[Items from a data source]
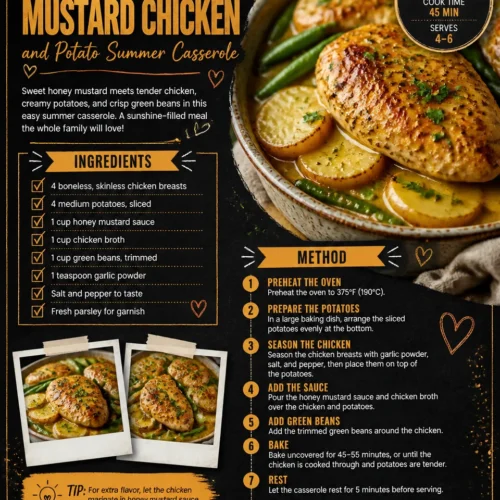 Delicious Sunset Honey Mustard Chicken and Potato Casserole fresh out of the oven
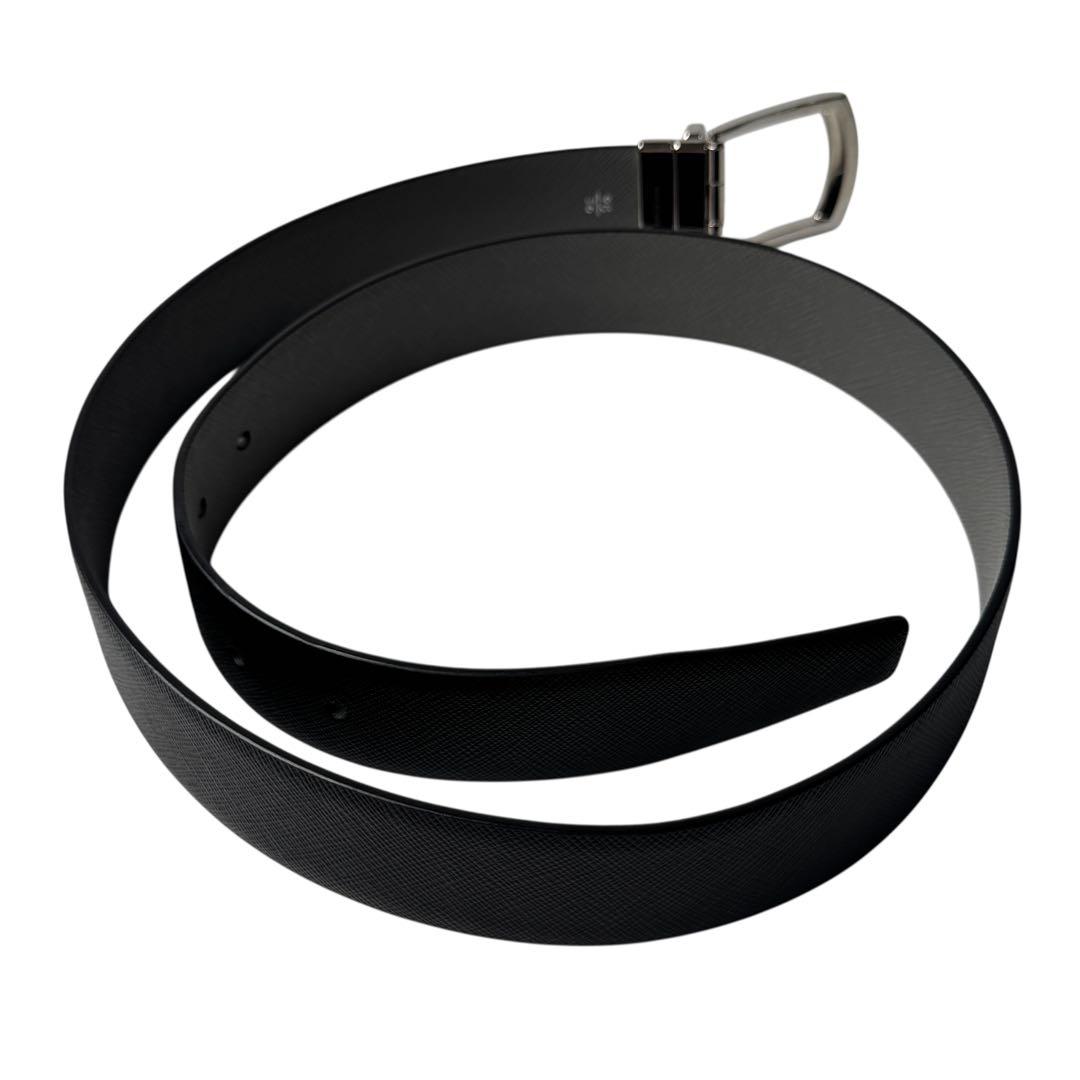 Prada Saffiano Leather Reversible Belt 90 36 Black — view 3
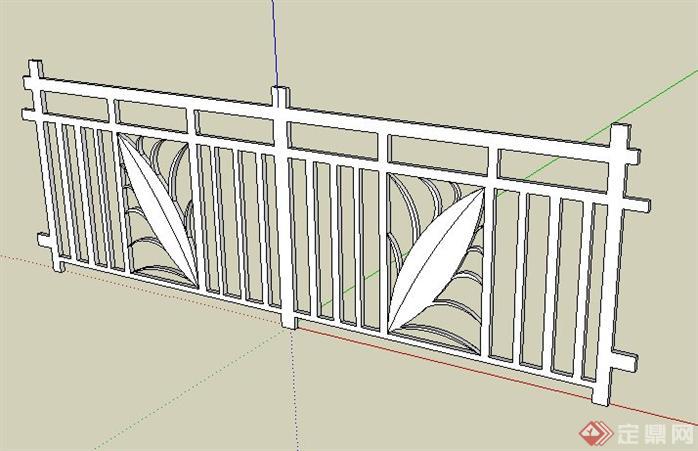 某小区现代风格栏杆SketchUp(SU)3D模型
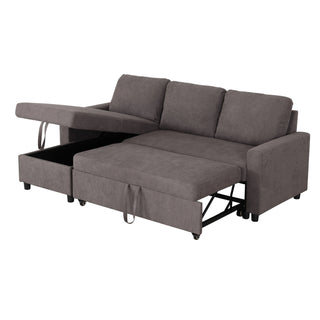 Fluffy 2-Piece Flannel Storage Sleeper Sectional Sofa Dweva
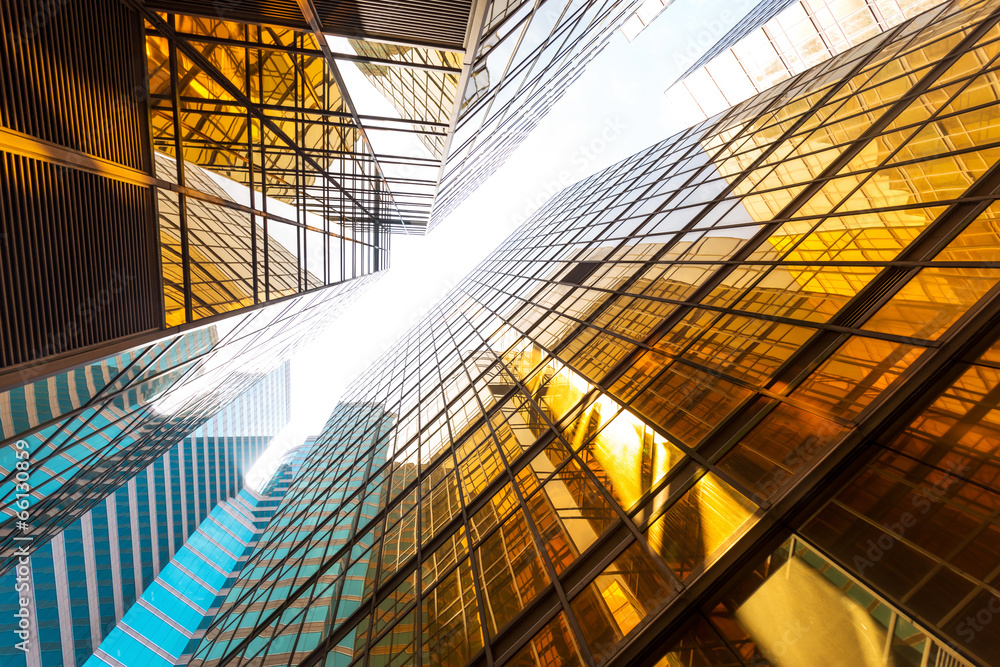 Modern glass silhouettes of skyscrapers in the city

# Task statement
Where an entry holds a picture, leave the picture out and output the rest exactly.

# Task result
 Delicious Sunset Honey Mustard Chicken and Potato Casserole fresh out of the oven
 Prada Saffiano Leather Reversible Belt 90 36 Black — view 3
 某小区现代风格栏杆SketchUp(SU)3D模型
 Fluffy 2-Piece Flannel Storage Sleeper Sectional Sofa Dweva
 Modern glass silhouettes of skyscrapers in the city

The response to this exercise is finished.